Mettere insieme il berlusconismo della recente stagione “rispettabile” con il ritorno al centralismo dirigista post-comunista di Nicola Zingaretti non è però il “compromesso storico” di Enrico Berlinguer e Aldo Moro. Pd e Fi non sono certamente le due chiese della società italiana, come un tempo la Dc e il Pci.

I comunisti di ieri hanno già messo a frutto l’innesto nel tronco della Balena Bianca e quel che Gianfranco Miccichè sta tentando, con tanto di arrembaggi di solidarietà con le navi Ong in dispetto a Salvini, è più un istinto – un bovarismo – che una strategia: un rintanarsi negli spazi residuali. In Forza Pd, dunque – ormai questo è il partito – s’invera la fusione di due ditte sposate dall’urgenza di sopravvivere. Carlo Calenda, tra i democratici – ben oltre il dato pittoresco di Trinacria – si spinge ancora più avanti immaginando tra gli interlocutori perfino il leghista Luca Zaia, il governatore veneto, e si capisce che il bollore nella pentola del sistema ha una sola broda: la conservazione dello status quo.

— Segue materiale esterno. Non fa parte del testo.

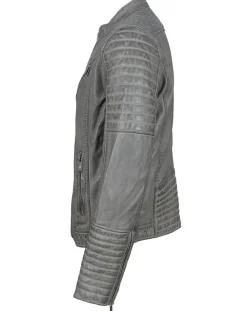 Blouson Biker en Cuir Junior gris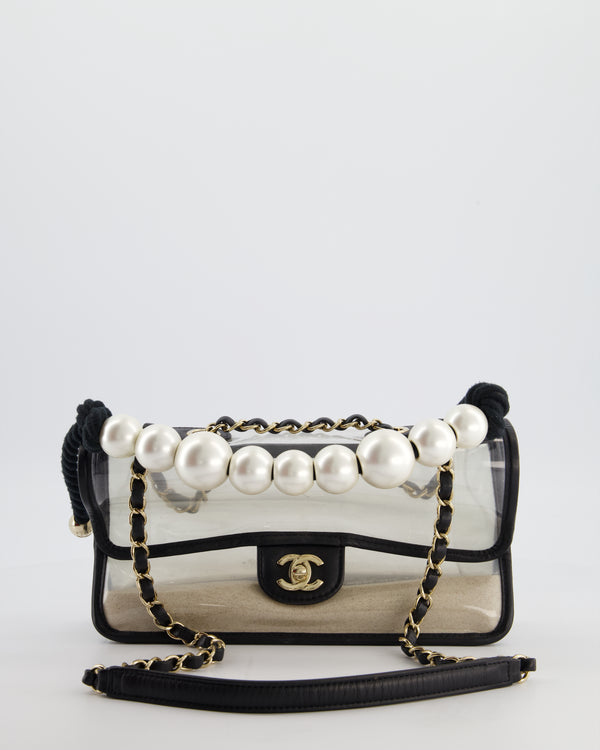 Chanel Black & PVC Coco Sand Medium Flap Bag with Pearl Strap and Champagne Gold Hardware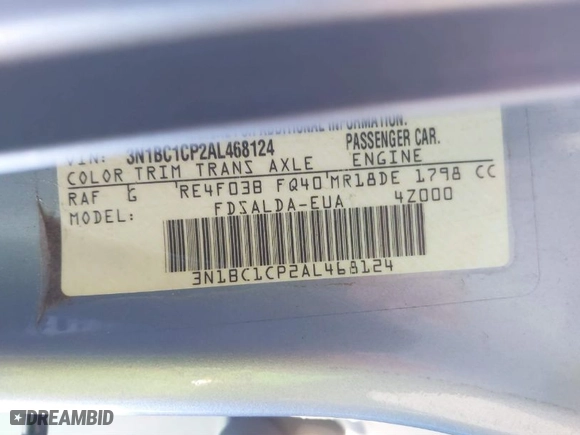 2010 Nissan Versa 1.8 S with VIN 3N1BC1CP2AL468124, listed as a IAAI auction lot 41873165 with 138,765 mi miles. Bid and sale history available at carsss.com. Image 9.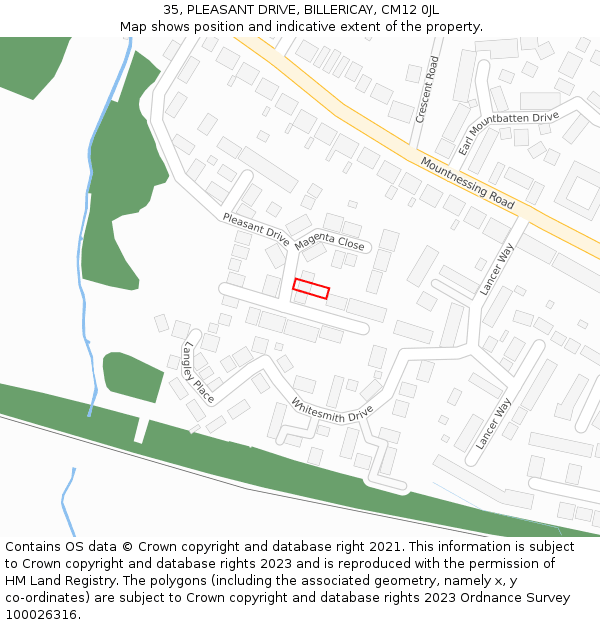 35, PLEASANT DRIVE, BILLERICAY, CM12 0JL: Location map and indicative extent of plot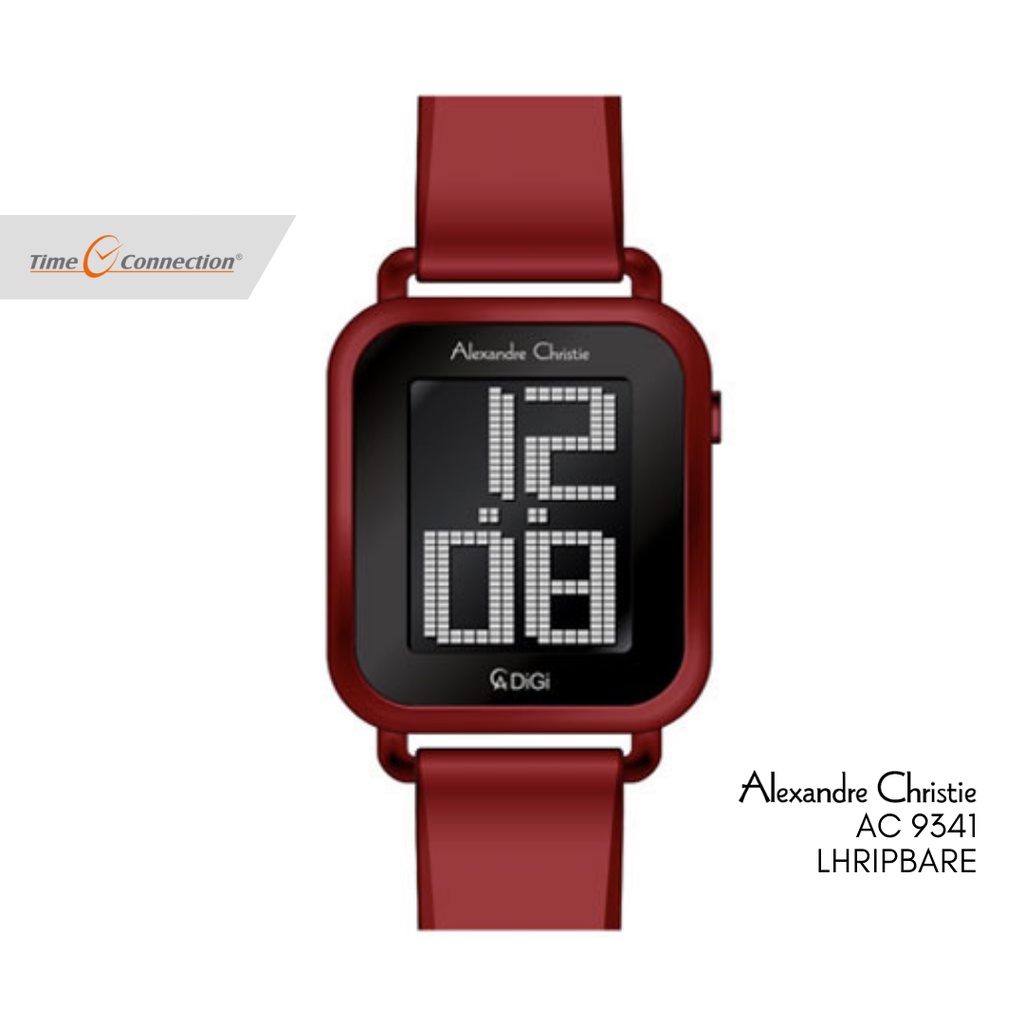 Alexandre Christie AC 9341 LHRIPBARE Merah Original / Jam Tangan Wanita Digital Karet / Rubber Stain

All’origine di questo esperimento, infatti, c’è il trauma del 4 marzo 2018 quando alle elezioni politiche, per la prima volta nella storia dell’Italia repubblicana, l’elettorato meridionale non vota compatto – come sempre nel passato – i “partiti sistema”. Nel finale di partita, invece, se mai ci si arriverà, ci sarà la naturale conclusione di una comune rovina: quella della sinistra che porta in dote quel che resta dei poteri – magistratura, banche, relazioni internazionali – e quella della destra che accasa i propri stanchi gerarchi presso il fonte battesimale della presentabilità sociale. Appunto, l’alleanza tra i Bel Amì e le Madame Bovary.